Worryingly, Australia is now led by a prime minister in possession of only average intelligence who is surrounded by a cabinet of weak, woke ministers mostly out of their depth in their respective portfolios even though many of them were front-bench ministers during the ill-fated Rudd/Gillard years. Many politicians – and not all are on the Left – simply don’t have enough experience of anything other than politics. Put another way, they do not have the hands-on practical knowledge, experience or pragmatism in managing anything that may cause serious loss or personal downsides should poor decisions be made. In addition, they do not appear to have the strength of character to admit they are wrong until disaster strikes, and even then they will try to ride it out. Even worse, they seem more worried about their international reputation than about their responsibilities to those they claim to represent. Combine those three traits – a lack of real-world experience, an inability to admit failure and a desperate desire to please people in Davos rather than in Darwin and to win praise from elites in Brussels rather than from mums and dads in Brisbane – and it’s not hard to imagine that Australia could one day suffer the same fate as Sri Lanka.

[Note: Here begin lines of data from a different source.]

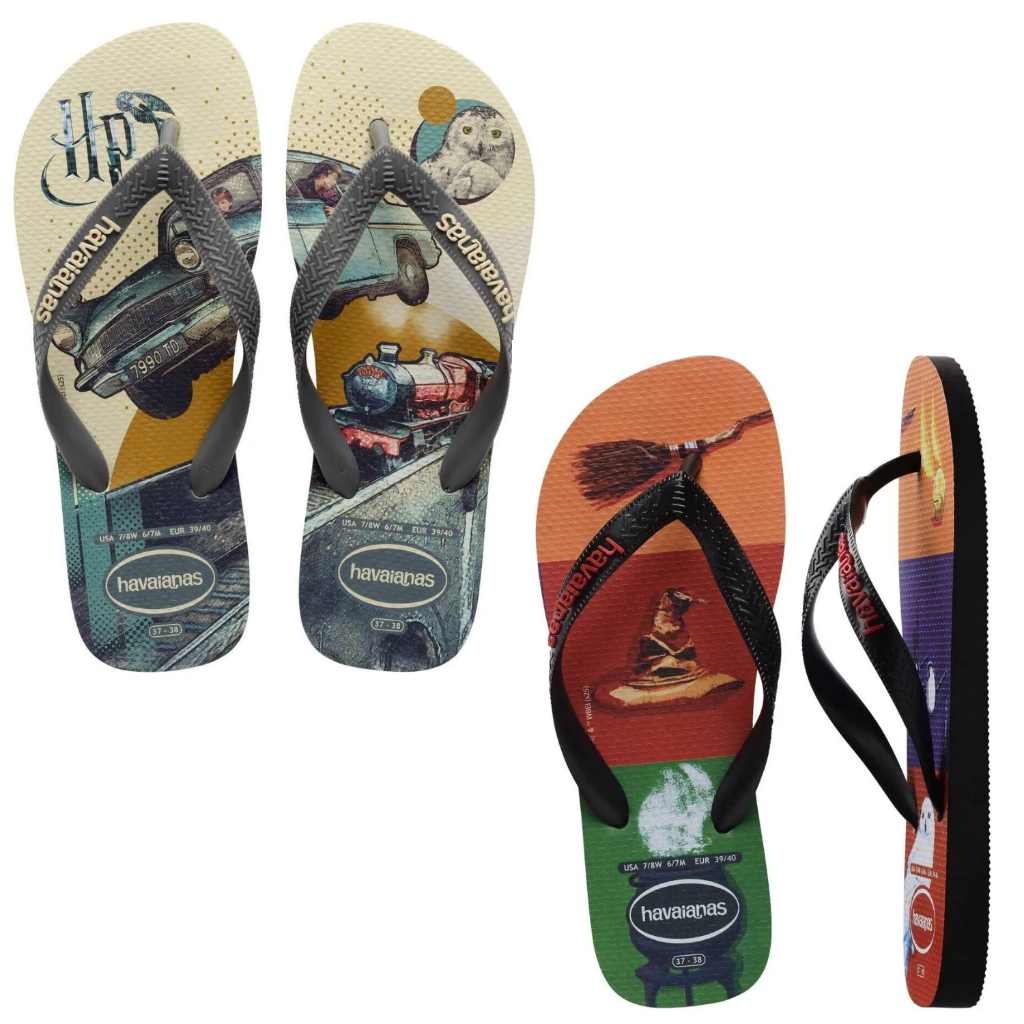 Chinelo Havaianas Harry Potter Original Sandália Unissex Confortável Casual Adulto com Nota Fiscalino Presente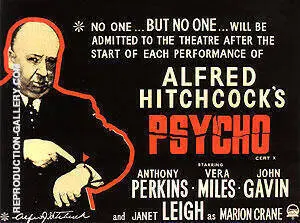 PSYCHO ALFRED HITCHCOCK 1960 By Classic-Movie-Posters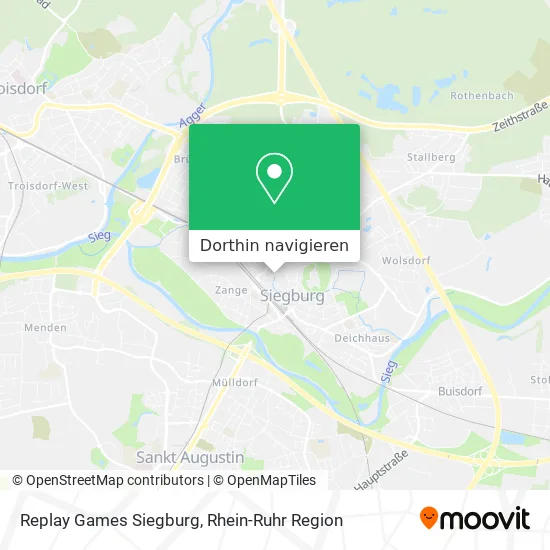 Replay Games Siegburg Karte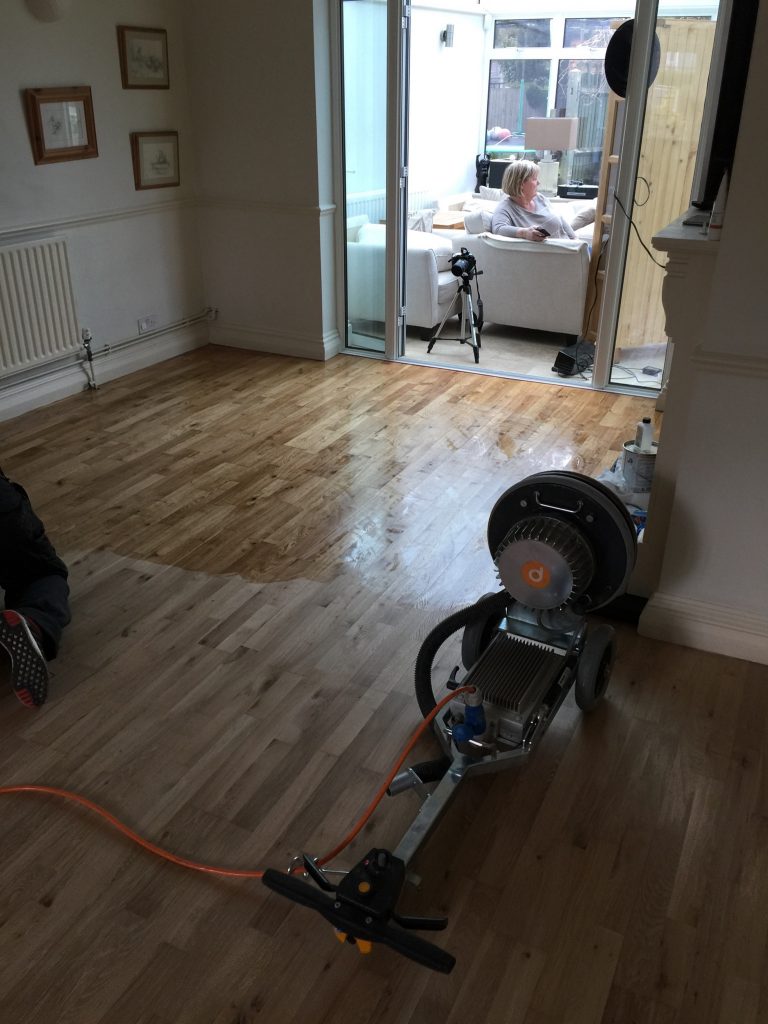 Solid oak floor sanding oiling in Pratts Bottom, London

Ideology and hubris make a dangerous mix! When autocratic politicians bow to the wizards of make-believe who populate the UN, the WHO and the WEF they believe their job is to change the world from the top down, rather than embrace the well-proven concepts of evolutionary change driven by democratic free markets and consumer choice. We will suffer the same fate if we continue on the naïve net-zero path created by people who have no idea how food is grown, minerals are mined, energy is produced or economies work.